21 de julho de 2005 – FCP entrega certidão de autodefinição de comunidade de Lagoa dos Índios como remanescente de quilombo.
2008 – Conselho das Comunidades Afrodescendentes do Amapá (Ccada), com o apoio do deputado estadual Camilo Capiberibe (Partido Socialista Brasileiro- PSB), organiza audiência pública para debater o problema da regularização das terras quilombolas no Amapá.
Agosto de 2008 – O governo do estado do Amapá anuncia reinauguração do Centro Comunitário de Lagoa dos Índios.
20 de outubro de 2009 – A Instrução Normativa 57, do Instituto Nacional de Colonização e Reforma Agrária (Incra), estabelece que as comunidades interessadas devem encaminhar à Superintendência Regional do seu estado uma solicitação de abertura de procedimento administrativo, apresentando a Certidão de Registro no Cadastro Geral de Remanescentes de Comunidades de Quilombos, emitida pela FCP.

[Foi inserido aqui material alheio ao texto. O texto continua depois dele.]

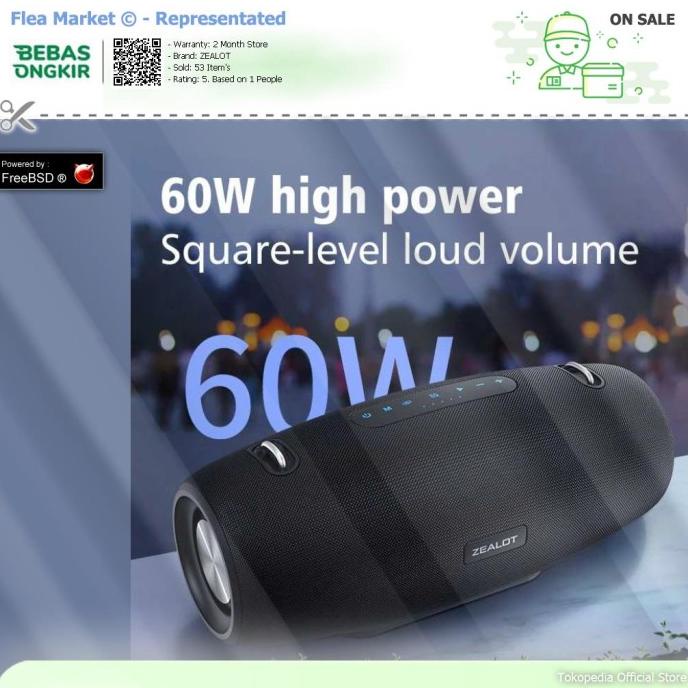 Zealot Portable Bluetooth Speaker Outdoor Waterproof - S67 - Hitam, Zealot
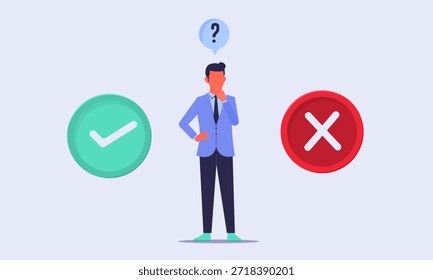 Proceso de toma de decisiones con confusión de opciones de negocio Sí o No en un hombre de negocios, diseño de modelo de Vector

15 de abril de 2016 – A presidenta Dilma Rousseff publica Decreto nº 8.713 que “Regulamenta a Lei nº 10.304, de 5 de novembro de 2001, no que se refere à transferência ao domínio do Estado do Amapá de terras pertencentes à União”, e estipula prazo de 20 meses para que o Incra conclua os relatórios antropológicos nos processos de regularização fundiária das terras quilombolas de 29 comunidades espalhadas pelo estado do Amapá.
2016 – Uma das maiores obras rodoviárias já realizadas no Amapá duplica a rodovia Duca Serra, impulsionando a urbanização da região do quilombo Lagoa dos Índios.

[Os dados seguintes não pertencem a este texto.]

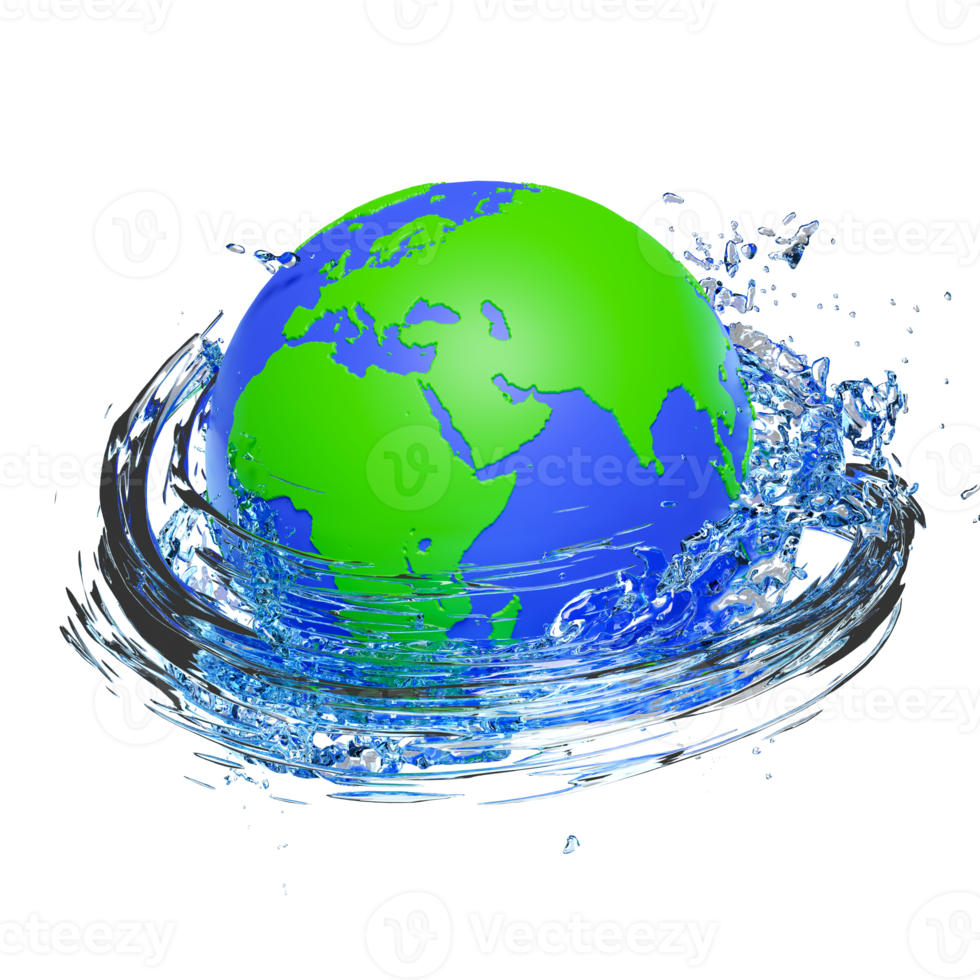 3d world water day concept with water splash, clear blue water scattered around isolated. 3d render illustration png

Junho de 2017 – Baseando-se no Decreto nº 8.713/2016, o MPF convoca representantes dos governos federal e do estado do Amapá para apresentarem soluções conjuntas para regularizarão das terras quilombolas do estado.
Julho de 2017 – O Incra e o Instituto de Meio Ambiente e Ordenamento Territorial do Amapá (Imap) apresentam o documento “Plano de Trabalho – Regularização de Território Quilombola”, abordando a situação dos processos no Incra e um cronograma de implementação das atividades.
17 de novembro de 2017 – MPF requisita maior celeridade ao Incra nos processos de regularização e titulação de territórios da Comunidade Lagoa do Índios; do Barro Vermelho, no Maranhão; e do Quilombo da Caçandoca, em São Paulo.
08 de janeiro de 2018 – MPF solicita à Justiça que determine ao Incra e à FCP a conclusão, no prazo máximo de dois anos, de todos os processos de regularização fundiária quilombola pendentes no Amapá.
12 de março de 2018 – Tribunal Regional Federal da 1ª Região (TRF1) decide, por unanimidade, dar provimento ao recurso do MPF determinando que o Incra e a FCP delimitem e demarquem a área da Comunidade Quilombola Lagoa dos Índios no prazo de dois anos.
03 de novembro de 2020 – Ocorre apagão em 13 cidades do Amapá, ocasionando sete mortes no total, sendo uma em Lagoa dos Índios.
Novembro de 2020 – Advocacia-Geral da União (AGU) entra com recurso para negar o pedido do partido Rede para obrigar o executivo a pagar duas parcelas de auxílios emergenciais à população do Amapá.
11 de dezembro – A Justiça Federal determina que o governo federal e a Caixa Econômica Federal (CEF) têm dez dias para efetuar o pagamento da primeira parcela.
14 de abril de 2021 – Partido Socialismo e Liberdade (PSol) propõe Arguição de Descumprimento de Preceito Fundamental nº 828/DF no contexto da pandemia de covid-19.
Novembro de 2022 – 4ª Vara Cível da Justiça Estadual do Amapá ordena que cerca de 300 famílias da comunidade quilombola Lagoa dos Índios sejam expulsas de sua comunidade.
11 de novembro de 2022 – As moradoras e os moradores do quilombo fazem manifestação pelo direito de permanecer no território.